Hagar, a non-Israelite, a woman with no power or status, is the first person in Scripture to be visited by an angel and the only person in Scripture to give God a name—El Roi, “the God who sees me.” In the midst of her pain and struggle, Hagar receives God’s blessing and promises. 
This is all good news for those of us who are less than perfect, who wander in desert places, who weep over the consequences of our own decisions, and who are victims of abuse or rejection. It is among those such as Hagar that Jesus is to be found, ready to meet us at the place of despair when it seems that God is absent or that God’s promises are false. God comes to us in wilderness places. Hagar, as much as Abraham and Sarah, is a model of faith that we can learn from. She shows us where to find God. Rev. Grace Rohrer

Do you see it? How small and insignificant she must have felt--like she held such little importance to anyone?! Like she didn't ask for this. But she is visited by an angel--an angel decoding her feelings of invisibility; an angel revealing her secret sufferings. In that space, she marvels that God is 'the God who sees' and names her child, Ishmael meaning 'the God who hears.'

God sees me. He hears me. In all those moments I feel the contempt of others, when I want to run away, when I feel like I didn't ask for 'this', and yes--when I feel invisible, God sees. I am never invisible to Him. He is always searching, always sending angels, always making promises and always bringing me into intrinsically sacred existence. If I write my story with MONSTER INVISIBLE INK, Jesus will see it.

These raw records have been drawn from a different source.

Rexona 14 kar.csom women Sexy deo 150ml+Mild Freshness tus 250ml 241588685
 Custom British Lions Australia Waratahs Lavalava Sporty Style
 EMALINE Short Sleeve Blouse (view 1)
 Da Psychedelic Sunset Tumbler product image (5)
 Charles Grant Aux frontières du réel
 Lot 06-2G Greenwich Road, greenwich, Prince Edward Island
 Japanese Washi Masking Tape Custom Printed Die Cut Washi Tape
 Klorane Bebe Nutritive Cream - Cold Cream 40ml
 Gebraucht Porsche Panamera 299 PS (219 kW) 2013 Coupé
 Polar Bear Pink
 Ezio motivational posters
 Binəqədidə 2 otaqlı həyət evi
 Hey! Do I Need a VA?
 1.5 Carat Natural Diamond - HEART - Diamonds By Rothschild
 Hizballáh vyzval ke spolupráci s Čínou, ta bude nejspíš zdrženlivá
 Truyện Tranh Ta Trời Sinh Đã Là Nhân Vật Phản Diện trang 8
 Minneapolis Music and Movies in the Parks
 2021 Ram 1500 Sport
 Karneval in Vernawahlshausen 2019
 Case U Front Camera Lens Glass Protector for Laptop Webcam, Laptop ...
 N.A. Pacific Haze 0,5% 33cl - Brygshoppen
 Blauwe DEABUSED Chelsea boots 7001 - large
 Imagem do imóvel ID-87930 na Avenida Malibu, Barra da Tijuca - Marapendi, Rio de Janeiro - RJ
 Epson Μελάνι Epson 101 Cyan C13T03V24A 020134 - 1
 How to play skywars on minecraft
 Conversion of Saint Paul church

To be visible, 1978 INVISIBLE INK from a monster pen (dug out of a Post cereal box) had to have water splashed on it to reveal the message. It was not like the movies. There was a significant chance that your message was a water-logged piece of paper with traces of very faded ink that never revealed the whole content of what you wrote. It was cool in theory, but it had practical limitations. This tickles me. Charlie's Angels detectives needed finer equipment than that silly old pen. In The Littles, the Bigg family had no sleuthing skills to know that an entire Little family lived within their walls. They were clueless to the parallel stories lived out within feet of them.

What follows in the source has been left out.